You can't stop half-way, in the belief that you are ‘restoring' a ‘true' Bordigism which doesn't exist, the pure Bordigism ‘of Bord­iga', which never existed. This path leads to the land of small sects, to tinier and tinier ‘Partiti', each one claiming the leg­itimate title, each one ignoring the others. We've seen this with numerous Bordigist splits over the years. Each one claims to be the true ‘leadership' that will guide the working class to paradise.

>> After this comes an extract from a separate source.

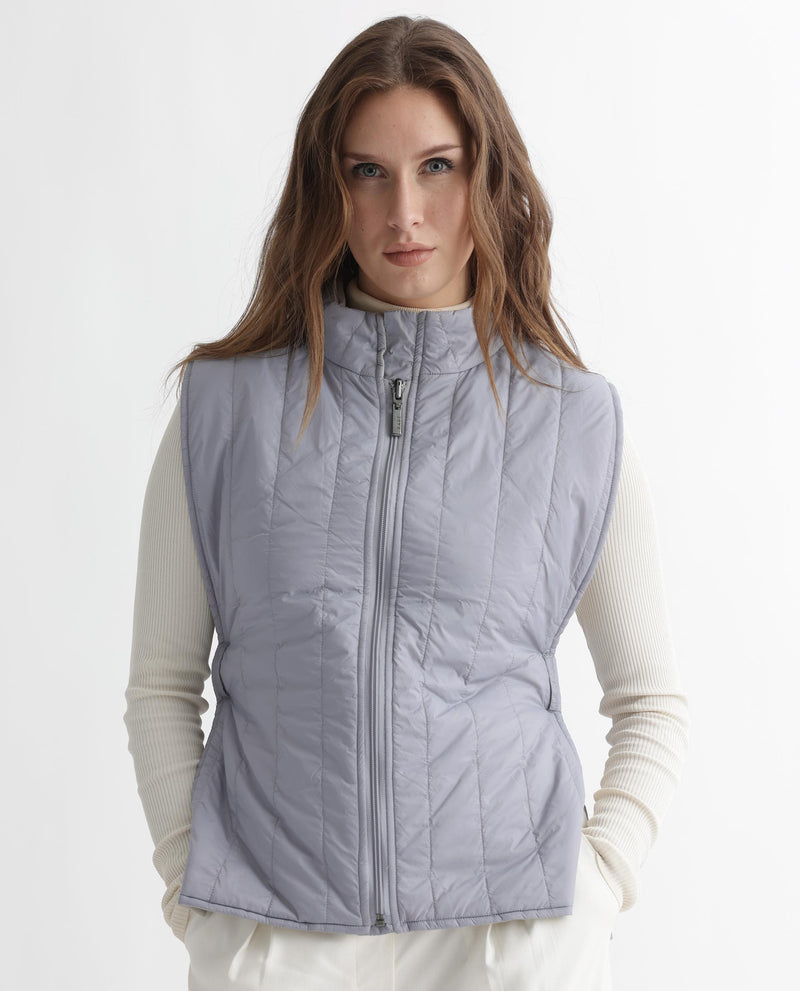 Rareism Women's Aurora Beige Polyester Fabric Sleeveless Solid High Neck Jacket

Political clarification can't come out of patch-up jobs, or out of isolation. It can only be done with and in the revolutionary milieu. The spell of silence has to be broken, by opening up a public debate, in the press, in meetings, to finish with the errors of the past, to ensure that this decantation takes place in a conscious way, to avoid the dispersion and loss of revol­utionary energies. This is the only way to clear the ground for the regroupment of revolutionaries, which will contribute to the unification of the international work­ing class. This is the task of the hour; this is the real lesson of the crisis of the ICP.

JA



[1] After the split Bordiga's party became the Partito Communista Internationale. Many ex-members of the Fraction left with Damen and the program of Battaglia Communista (PCInt) in 1952 contained certain important positions of Bilan on the national question, the union question, on Russia. Unfortunately, the thirty years that separate us from the beginnings of Battaglia saw this group get caught up in a process of sclerosis. This can be easily seen by reading its press today and comparing it to the platform of 1952.